UKPLab / gpl

Powerful unsupervised domain adaptation method for dense retrieval. Requires only unlabeled corpus and yields massive improvement: "GPL: Generative Pseudo Labeling for Unsupervised Domain Adaptation of Dense Retrieval" https://arxiv.org/abs/2112.07577
Apache License 2.0
315 stars 39 forks source link

TSDAE + GPL and TAS-B + GPL #7

Open Yuan0320 opened 2 years ago

Yuan0320 commented 2 years ago

@kwang2049 Hi, thanks for your amazing work!

I wonder if the TSDAE + GPL mentioned in the paper refers to: fine-tuning the distilbert-base PLM with training order of (1)TSDAE on {dataset} -> (2) GPL on {dataset} ?

Thx.

kwang2049 commented 2 years ago

Hi @Yuan0320, thanks for your attention!

Sorry that the description about this in the paper is kinda misleading. It is composed of three training stages: (1) TSDAE on ${dataset} -> (2) MarginMSE on MSMARCO -> (3) GPL on ${dataset};.

It can also be understood as the TSDAE baseline (which was also trained on MS MARCO) in Table 1 + GPL training.

And actually, omitting step (2) leads to very little difference (cf. Table 4 in the paper). And from my observation, the major difference comes from Robust04 (around -1.0 nDCG@10 points).

Yuan0320 commented 2 years ago

@kwang2049 Thanks for the detailed response!

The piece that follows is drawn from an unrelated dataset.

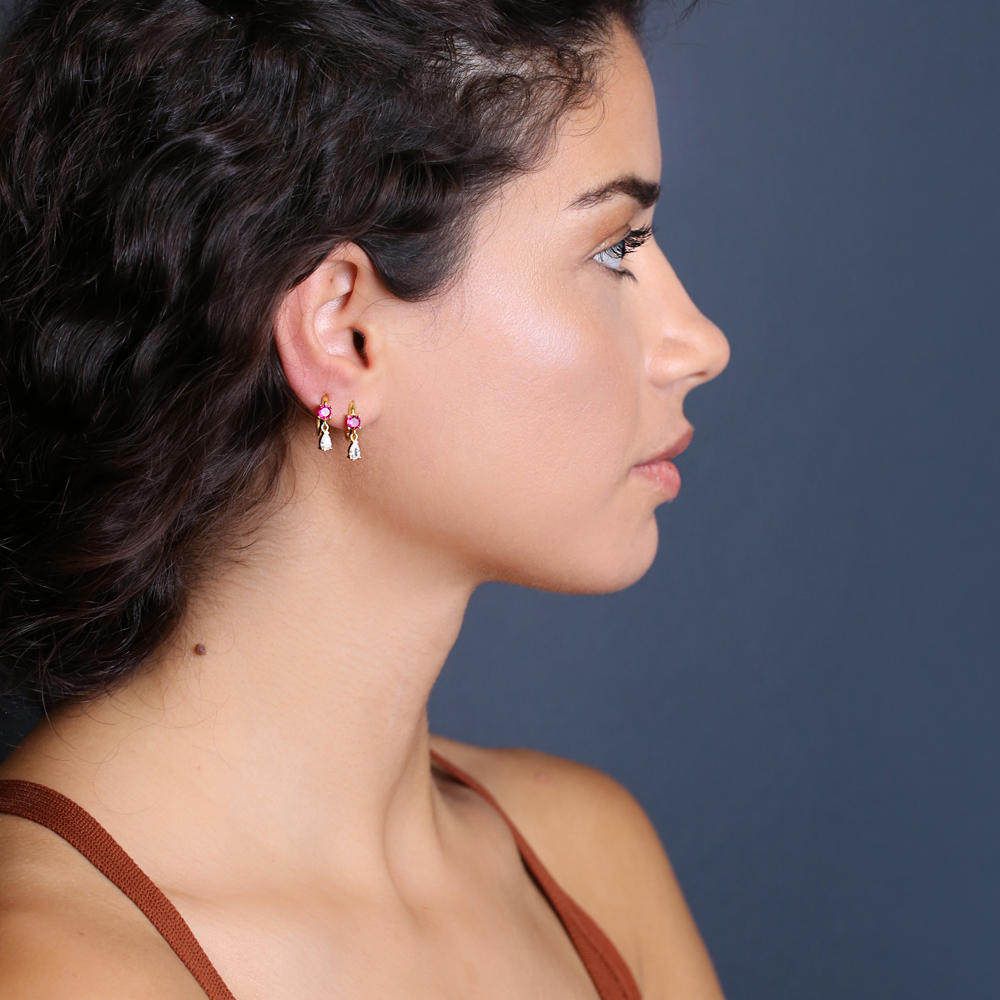 Trendy Pear Drop Shape Ruby Zircon Hoop Earrings Turkish Women 925 Sterling Silver Jewelry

Is there no public code about (1) TSDAE on ${dataset} -> (2) MarginMSE on MSMARCO in this repo?

Thx.

kwang2049 commented 2 years ago

Sorry that there is currently no one-step solution for this. To reproduce it, please run these one by one: (1) Train a TSDAE model on the target corpus: https://github.com/UKPLab/sentence-transformers/tree/master/examples/unsupervised_learning/TSDAE. Note that if one wants to start from distilbert-base-uncased (i.e. the setting in the GPL paper), one needs some plug-in (since sadly the original distilbert does not support being as a decoder): https://github.com/UKPLab/sentence-transformers/issues/962#issuecomment-991603084. (2) Continue training with MarginMSE loss. This can be done with our GPL repo:

wget https://public.ukp.informatik.tu-darmstadt.de/thakur/BEIR/datasets/msmarco.zip
unzip msmarco.zip
export dataset="msmarco"
python -m gpl.train \
    --path_to_generated_data "./$dataset" \
    --base_ckpt "YOUR_TSDAE_CHECKPOINT" \
    --gpl_score_function "dot" \
    --batch_size_gpl 32 \
    --gpl_steps 140000 \
    --output_dir "output/$dataset" \
    --evaluation_data "./$dataset" \
    --evaluation_output "evaluation/$dataset" \
    --generator "BeIR/query-gen-msmarco-t5-base-v1" \
    --retrievers "msmarco-distilbert-base-v3" "msmarco-MiniLM-L-6-v3" \
    --retriever_score_functions "cos_sim" "cos_sim" \
    --cross_encoder "cross-encoder/ms-marco-MiniLM-L-6-v2" \
    --use_train_qrels
    # --use_amp   # Use this for efficient training if the machine supports AMP

# One can run `python -m gpl.train --help` for the information of all the arguments
# Notice: Please do not set `qgen_prefix` and leave it as None by default.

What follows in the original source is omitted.